In other words, it is very difficult to compare database server performance as such. If we only consider server hardware, one database may shine a solid state disks (SSD) and deliver poor performance compared to another one on regular disks. Know how is even more important. Engineers trained on one database may need some time (weeks to months) to achieve similar results with another database on which they may lack know how.
We thus prefer to compare database serves using real word success cases that exhibit their strength.
MariaDB
MariaDB has been deployed by the largest cloud companies to power significant portions of the modern Web. It is rumoured that Google and Facebook alone have deployed half a million MariaDB servers each to power their core services.
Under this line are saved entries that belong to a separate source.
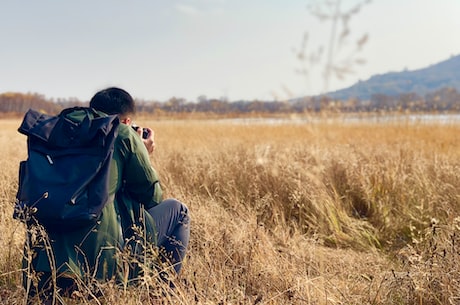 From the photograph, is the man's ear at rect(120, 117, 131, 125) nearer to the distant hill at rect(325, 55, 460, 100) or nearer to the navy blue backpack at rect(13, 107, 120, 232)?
the navy blue backpack at rect(13, 107, 120, 232)

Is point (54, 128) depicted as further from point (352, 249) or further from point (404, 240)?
point (404, 240)

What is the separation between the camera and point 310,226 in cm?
343

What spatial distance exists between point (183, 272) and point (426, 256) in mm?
1326

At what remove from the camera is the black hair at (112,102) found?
2100 millimetres

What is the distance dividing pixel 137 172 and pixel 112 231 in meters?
0.28

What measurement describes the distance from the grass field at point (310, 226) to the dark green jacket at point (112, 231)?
14 cm

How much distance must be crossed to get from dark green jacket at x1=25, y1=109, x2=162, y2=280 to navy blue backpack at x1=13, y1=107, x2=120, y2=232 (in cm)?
9

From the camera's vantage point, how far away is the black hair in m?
2.10

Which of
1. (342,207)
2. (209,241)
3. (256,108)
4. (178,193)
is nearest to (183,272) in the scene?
(209,241)

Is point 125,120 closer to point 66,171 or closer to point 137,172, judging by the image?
point 137,172

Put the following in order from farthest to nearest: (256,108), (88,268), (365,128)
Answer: (256,108)
(365,128)
(88,268)

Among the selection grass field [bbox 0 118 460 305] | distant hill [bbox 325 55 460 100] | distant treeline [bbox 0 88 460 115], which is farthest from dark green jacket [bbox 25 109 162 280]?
distant treeline [bbox 0 88 460 115]

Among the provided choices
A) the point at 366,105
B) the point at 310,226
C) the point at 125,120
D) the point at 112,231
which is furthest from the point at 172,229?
the point at 366,105

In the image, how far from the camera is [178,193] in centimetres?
355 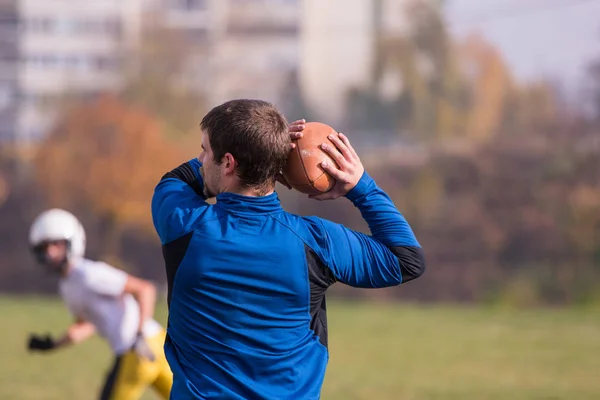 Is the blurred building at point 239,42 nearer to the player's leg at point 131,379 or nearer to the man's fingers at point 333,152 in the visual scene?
the player's leg at point 131,379

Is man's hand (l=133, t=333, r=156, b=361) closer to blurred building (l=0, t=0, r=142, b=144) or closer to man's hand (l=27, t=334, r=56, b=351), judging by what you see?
man's hand (l=27, t=334, r=56, b=351)

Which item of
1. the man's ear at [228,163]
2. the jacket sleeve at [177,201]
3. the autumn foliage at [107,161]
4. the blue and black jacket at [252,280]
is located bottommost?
the autumn foliage at [107,161]

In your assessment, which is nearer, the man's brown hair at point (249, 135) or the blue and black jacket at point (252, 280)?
the man's brown hair at point (249, 135)

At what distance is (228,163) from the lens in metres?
2.56

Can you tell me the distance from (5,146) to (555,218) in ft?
48.6

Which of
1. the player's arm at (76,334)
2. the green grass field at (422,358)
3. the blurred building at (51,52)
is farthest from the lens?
the blurred building at (51,52)

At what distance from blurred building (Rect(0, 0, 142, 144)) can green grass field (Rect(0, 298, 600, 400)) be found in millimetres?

Latest versions of MariaDB are even based on Facebook's MyRocks to provide further scalability.
Taobao - the Chinese equivalent of Amazon - uses MariaDB at its core for e-commerce applications and contributed MariaDB's multi-source replication system. Taobao's example is remarkable in the sense that the company not only uses MariaDB but actively improves it in a way that helps the entire community. And it also demonstrates that MariaDB supports high performance and high availabiliy in real world, a feature that is now officially supported with Galera Cluster.
Nexedi uses MariaDB at the core of ERP5, both as a relational database server and as a NoSQL server with NEO. ERP5 can produce 300.000 complex invoices in about 8 hours on a single, standard generic Xeon based server, leading to operating costs 3 to 4 times lower than traditional billing systems. Thanks to MyRocks, NEO (powered by MariaDB) is able to scale up and handle terabytes of data ingestion per day on low end servers with mechanical disks.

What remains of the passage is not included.